__What the exercise asks__
From the first line of the data below through the line bearing "Guangzhou Grandview Manufacturer", reproduce each line exactly; do not include pictures.
** Opening Dataset entries block **
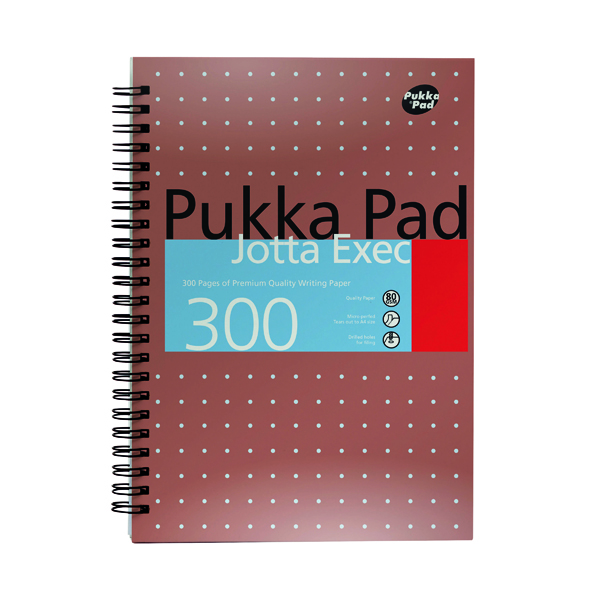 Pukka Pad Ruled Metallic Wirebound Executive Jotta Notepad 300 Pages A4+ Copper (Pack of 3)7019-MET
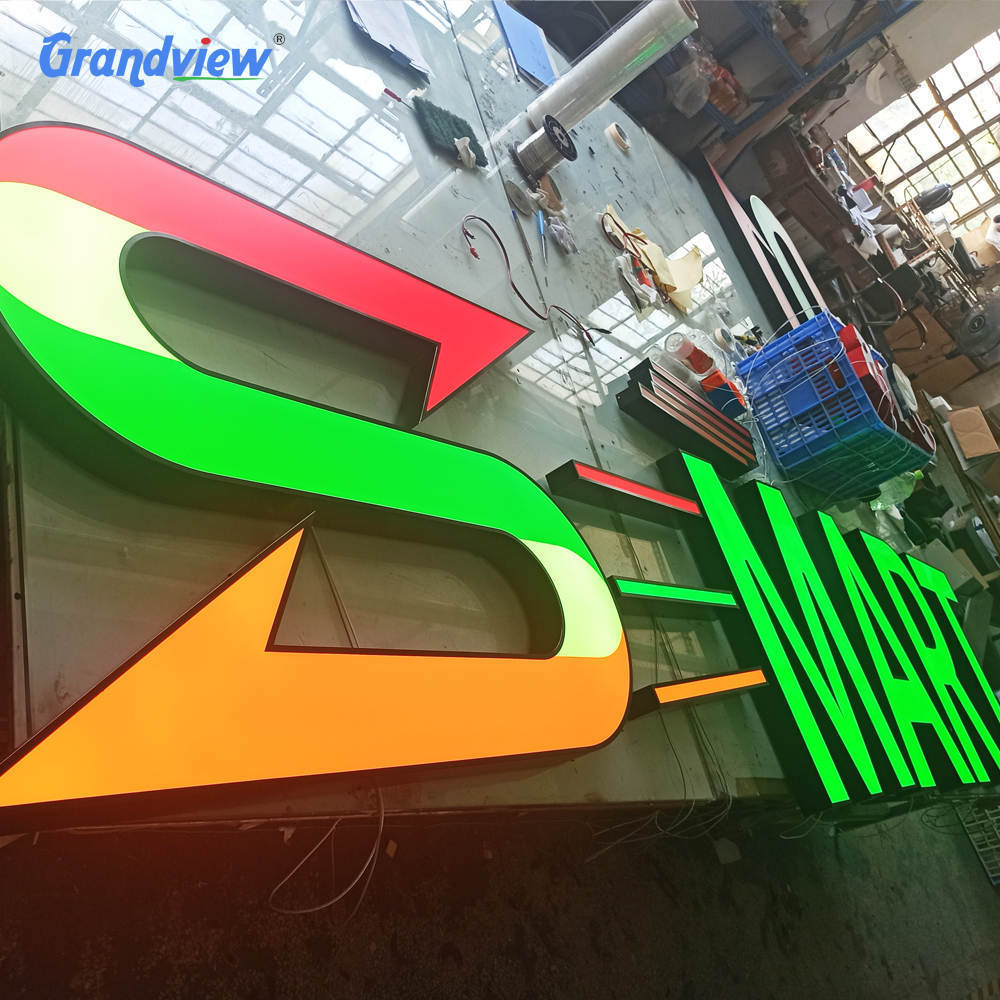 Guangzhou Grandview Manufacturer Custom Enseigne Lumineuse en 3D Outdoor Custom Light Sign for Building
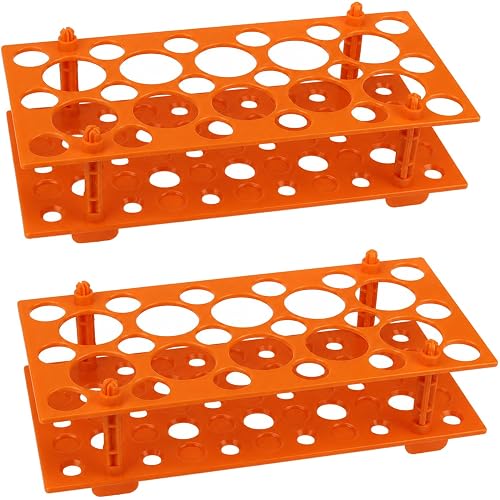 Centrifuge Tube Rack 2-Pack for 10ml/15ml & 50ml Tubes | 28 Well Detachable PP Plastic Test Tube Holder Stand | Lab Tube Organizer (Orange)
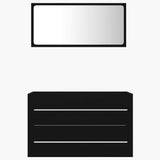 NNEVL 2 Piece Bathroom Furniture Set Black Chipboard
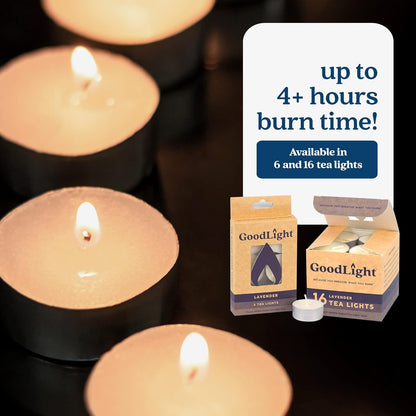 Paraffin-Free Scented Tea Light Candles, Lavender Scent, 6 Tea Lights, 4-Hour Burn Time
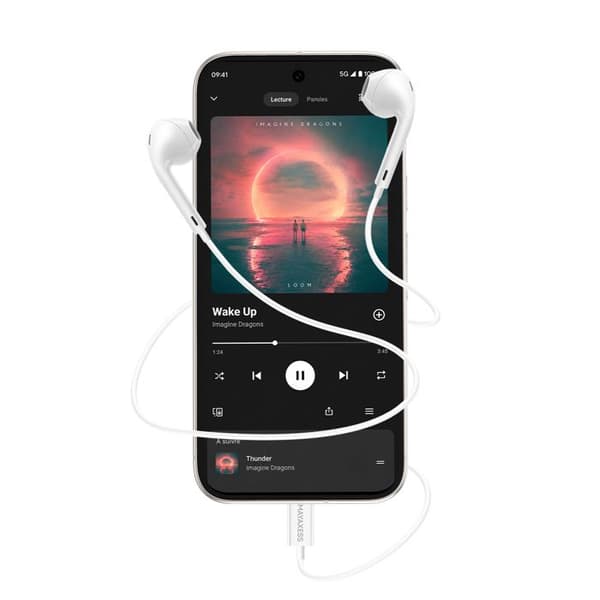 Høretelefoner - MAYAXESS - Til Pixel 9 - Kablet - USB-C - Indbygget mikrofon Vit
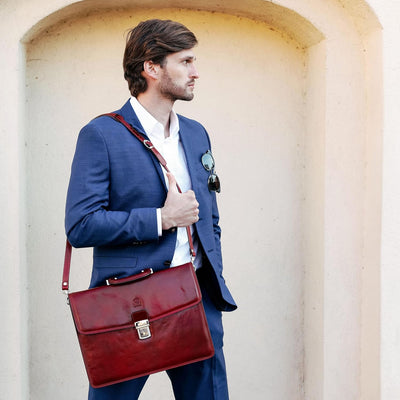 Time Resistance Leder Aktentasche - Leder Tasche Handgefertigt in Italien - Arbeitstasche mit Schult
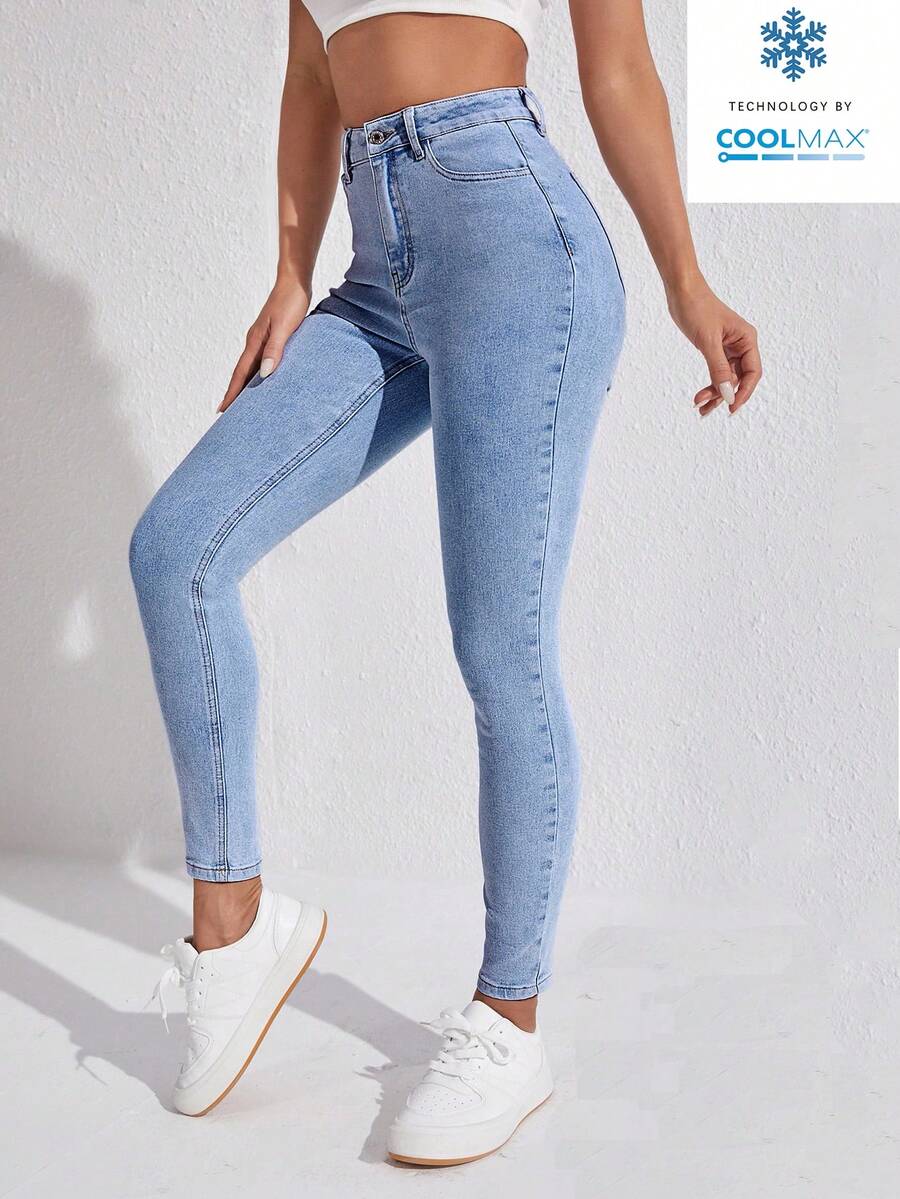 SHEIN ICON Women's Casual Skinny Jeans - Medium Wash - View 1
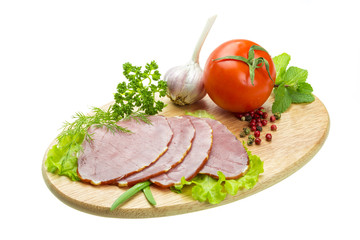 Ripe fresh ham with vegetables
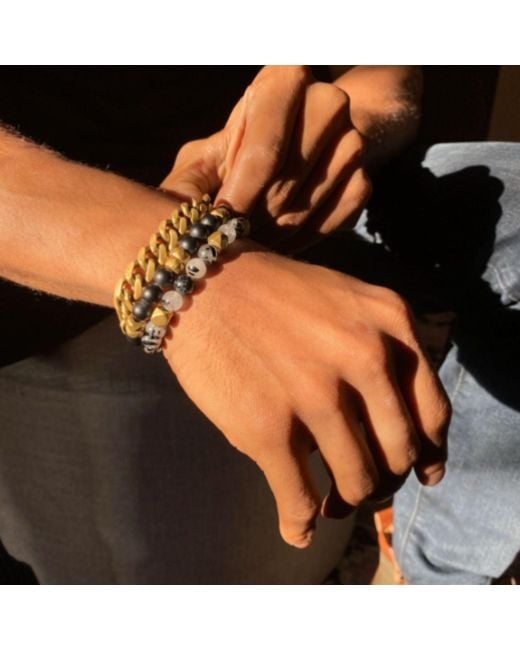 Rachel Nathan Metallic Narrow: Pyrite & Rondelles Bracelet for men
** Closing Dataset entries block **
__Written solution__
 Pukka Pad Ruled Metallic Wirebound Executive Jotta Notepad 300 Pages A4+ Copper (Pack of 3)7019-MET
 Guangzhou Grandview Manufacturer Custom Enseigne Lumineuse en 3D Outdoor Custom Light Sign for Building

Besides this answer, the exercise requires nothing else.